La réflexion sur la condition humaine
Au-delà de leur fantaisie, les chiffres marquent donc une véritable position
philosophique. À une époque où Voltaire est séduit par l’attitude scientifique
et contribue à vulgariser les travaux de Newton en France, il propose
d’en faire la base de la rencontre avec l’Autre. La connaissance d’autrui
est placée sous le signe de l’exactitude ; elle s’appuie sur des informations
précises. Mais elle aboutit aussi à une universalité : quelle que soit
la différence entre les étrangers, leurs questionnements sont les mêmes.
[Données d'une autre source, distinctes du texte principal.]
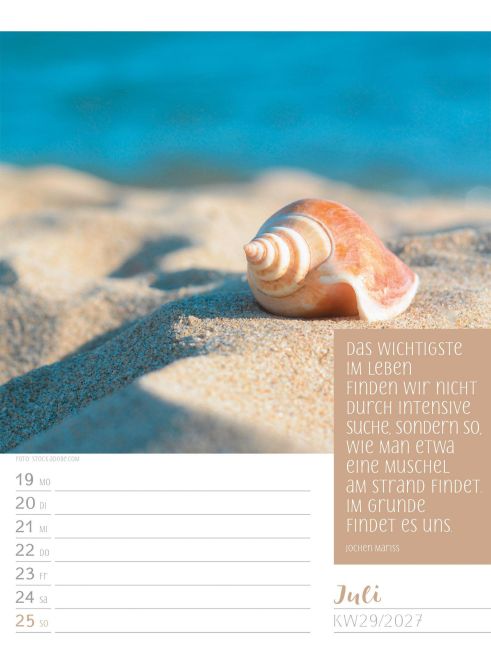 InsideView 33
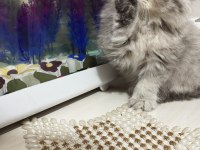 2 Aylık Silver İran Chinchilla Prenses Ve Prens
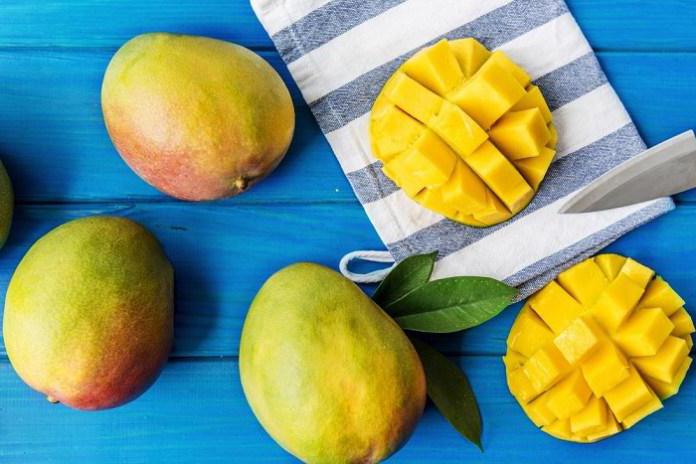 mango meyve yardımı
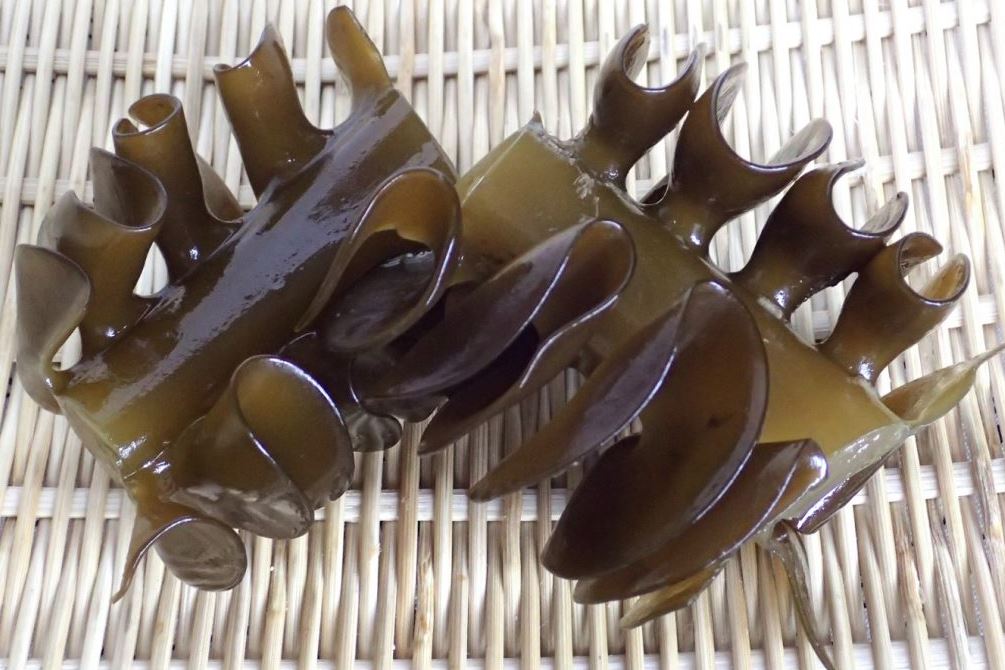 mekabu wakame alga japonesa mekabu wakame alga japonesa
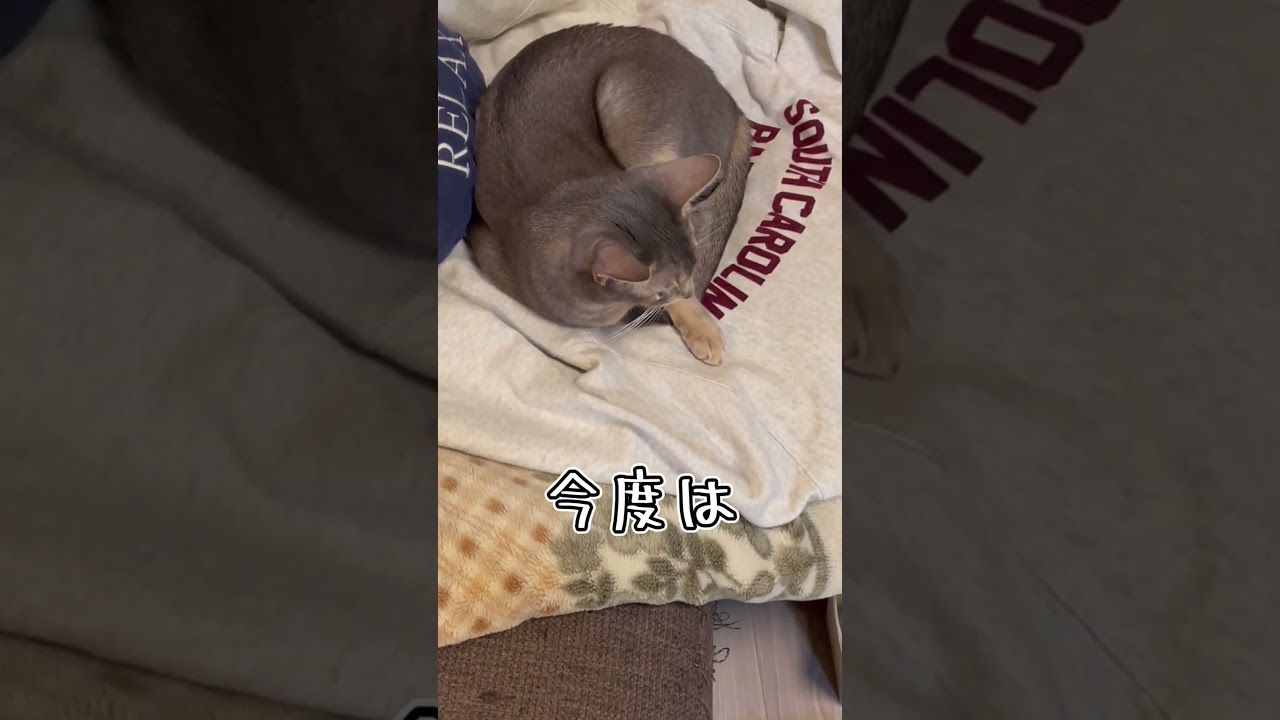 アビシニアンとは その42 主の服を温めてくれる猫 #shorts #猫 #アビシニアン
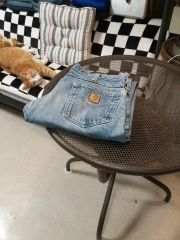 Carhartt カーハート ヴィンテージ デニム デニムシャツ ズボン 35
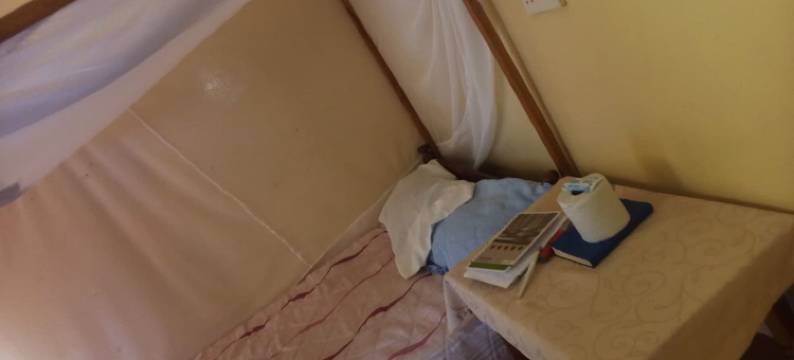 绿洲酒店(The Oasis Hotel)图片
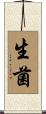 生菌 Scroll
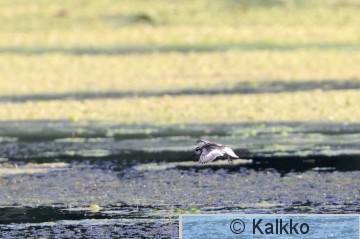 vesipääsky 149.jpg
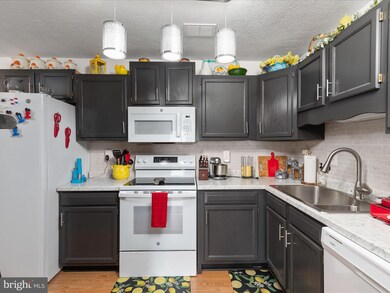 45 Hailey Ln unit A4, Strasburg, VA 22657 - photo 6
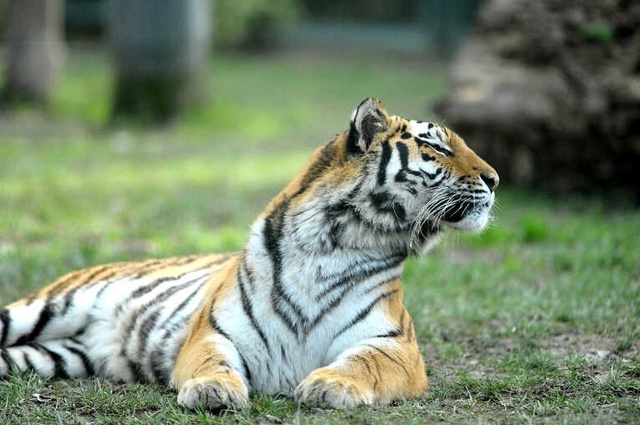 Bengal Kaplanları Kar Bekliyor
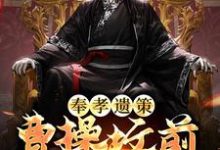 《奉孝遗策：曹操坟前求军师》小说主角刘章刘念祖渊明先生章节章节免费在线阅读-读书翁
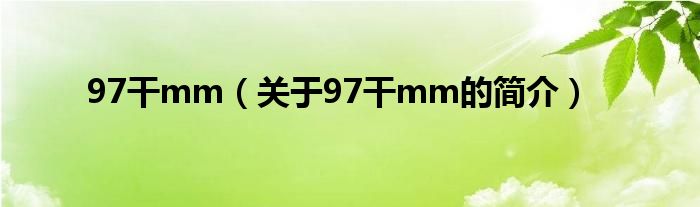 97干mm（关于97干mm的简介）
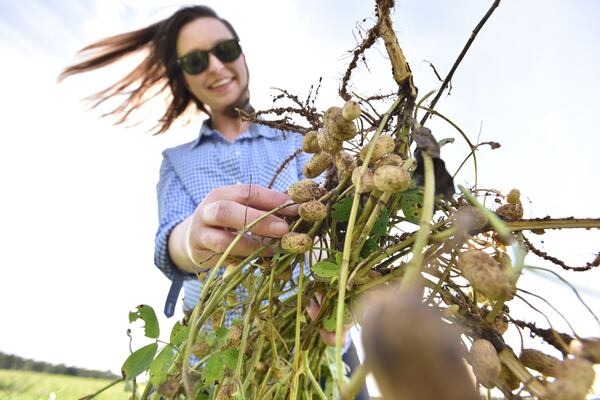 Casey Cox, sixth-generation farmer, holds peanut stems at her family farm in Mitchell County in October. It’s been six years since Florida took its long-running water rights grievances against Georgia to the Supreme Court, and since then the focus of its suit has shifted from metro Atlanta to the farmland of southwest Georgia. (Hyosub Shin / Hyosub.Shin@ajc.com)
Ainsi, le Saturnien dispose de soixante-douze sens, tandis que le Sirien
en compte « près de mille » ; mais l’un et l’autre font le même constat :
ce nombre est insuffisant pour combler « l’ennui » ou « l’inquiétude ». De
même, les Saturniens vivent « cinq cents grandes révolutions du Soleil » ,
mais il partage avec Micromégas l’angoisse de la mort. L’universalité est
ainsi le maître mot de la rencontre : « il faut que ce soit une loi universelle
», constate le Sirien. Quelle que soit la particularité de chacun, les
êtres partagent donc un sort commun, ce que met en évidence la formule
comparative : « C’est tout comme chez nous », dit Micromégas. L’universalité
est également mise en évidence par une constatation placée au centre
de ce passage : « j’ai vu des mortels fort au-dessous de nous ; j’en ai vu de
forts supérieurs ; mais je n’en ai vu aucuns qui n’aient plus de désirs que
de vrais besoins... ». Le voyage permet donc la rencontre avec l’Autre, et,
au-delà de sa différence, le constat d’une nature universelle et commune.
…et d’un dialogue avec le lecteur
Cet échange implique aussi le lecteur, qui partage avec les protagonistes,
le narrateur – et l’auteur – une condition commune. Au-delà de la narration
s’instaure donc un dialogue implicite entre l’auteur et le lecteur.
Un contrat de lecture
Ce dialogue, ainsi placé au début de l’oeuvre, installe d’abord un contrat entre
l’auteur et le lecteur. Les termes de ce contrat sont disséminés dans le texte :
– Le sens du voyage entrepris par Micromégas est indiqué : il est à la fois
une expérience de la variété des modes de vie et de l’universalité qui préside
à la condition mortelle. Il est aussi une expérience fondamentale :
Micromégas cherche à atteindre la planète où « il y a des êtres beaucoup
plus parfaits » ; le voyage est donc mû par le constat de sa propre imperfection,
il est une quête de perfection, un désir de perfectionnement,
comme la vie elle-même. Le voyage et la rencontre de l’Autre sont les
expériences qui permettent de mieux se connaître soi-même.